Nicola on the record

Seems like there was once a off-broadway leader who was a real free-speech political-theatre champion, and his name was James Nicola. Many thanks to the reader(s) doing their research and posting some now-embarassingly hypocritical quotes here.

Particularly damning/sad:

At NYTW, we always try to put forward strong, provocative thoughts. We never expect audiences to embrace ideas wholesal—-we're not indoctrinating them. We say to them, "You have to have an opinion. You have to be informed. You have to think.
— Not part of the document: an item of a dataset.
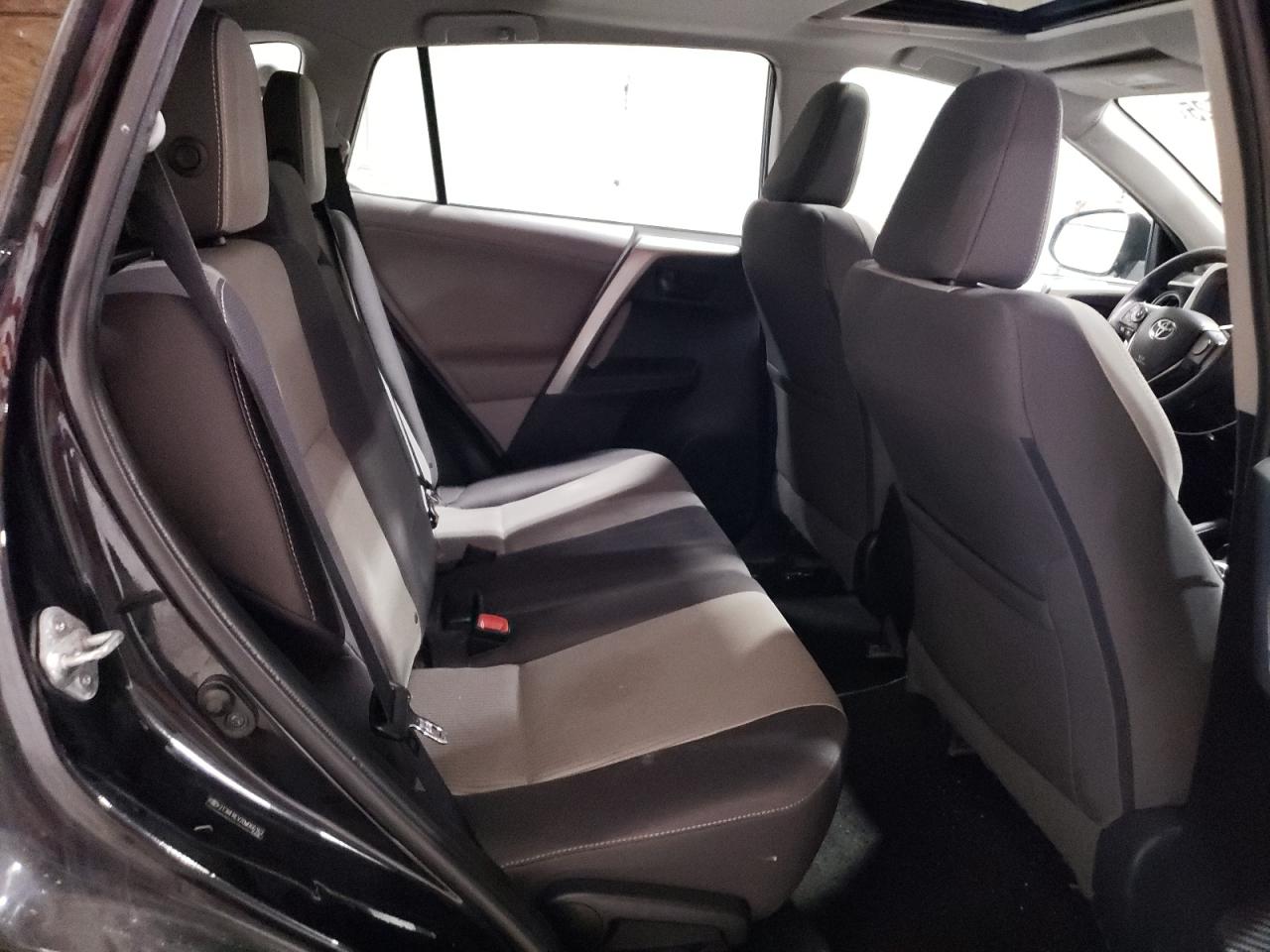 2013 Toyota RAV 4 - Image 11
We don't try to tell you what your ideas are, but you should figure them out."

- James Nicola, September 2004


Appropros, I second blogger/critic Alison Croggon who rightly comments on it all in terms of artistic leadership:
It does sound to me like asking for permission to put on a play. I'm not unaware of cultural sensitivities and not hostile to the idea of taking note of them; but unless you have a policy of a community determining a theatre's program, it sounds like giving away artistic power, which is, after all, the only power that theatres have.
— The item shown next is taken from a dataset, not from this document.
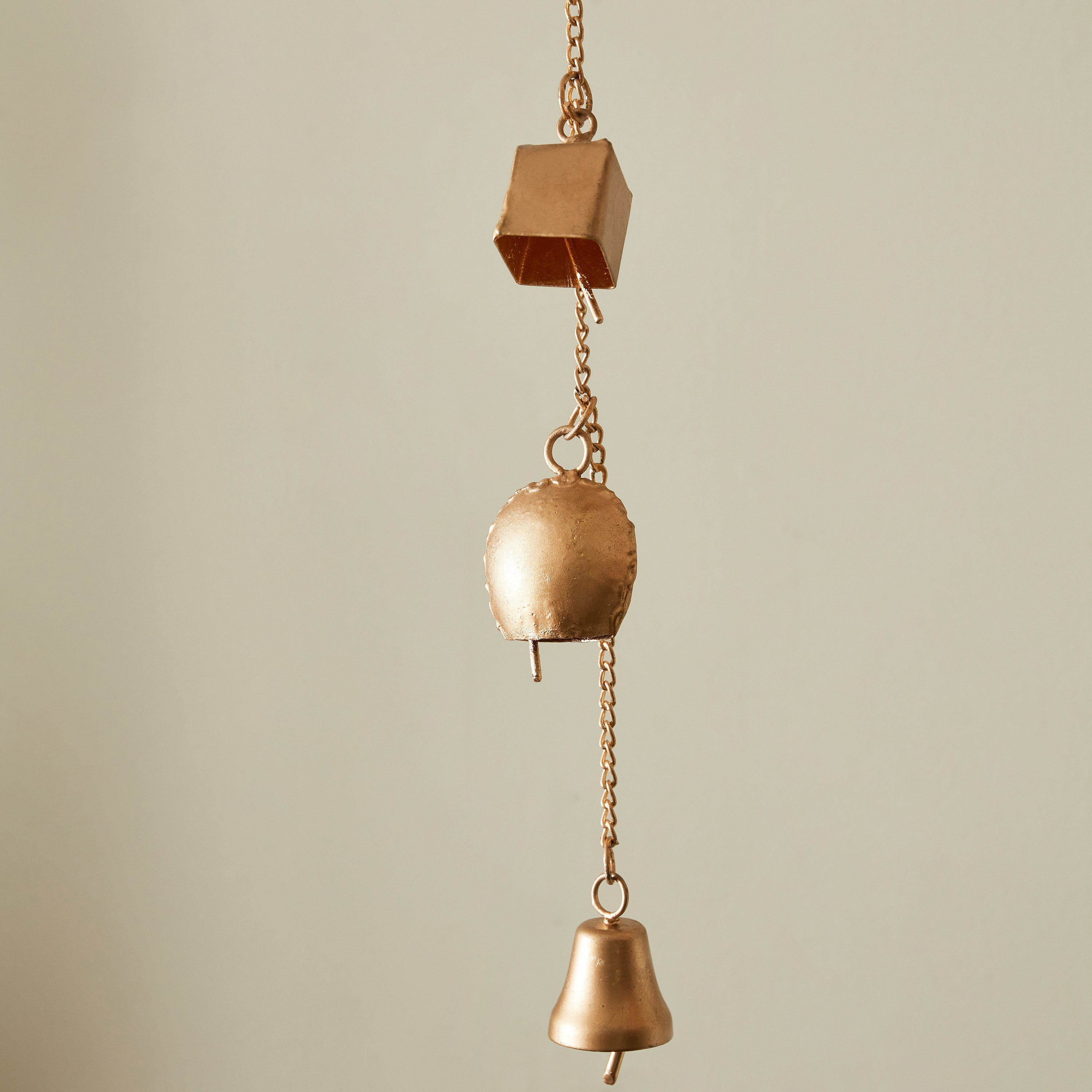 أجراس رياح بتصميم عنقود 3 أجراس صغيرة من زاهارا - 3.8x3.8x33 سم-hbxdecorandfurnishings-homeaccessories-novelties-image-3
If you insist on polling your audence or "community" before deciding what to produce, then you might as well be a Hollywood studio handing out survey cards at screenings and changing the end of Fatal Attraction. The political element, of course, makes it all more complex. But at the end of the day pandering is pandering--something we don't need more of in the theatre.

What we do need are leaders with the balls or ovaries to say to their audience/community/whatever: here I take my stand. Or, in other words, basically what the above James Nicola said just eighteen months ago.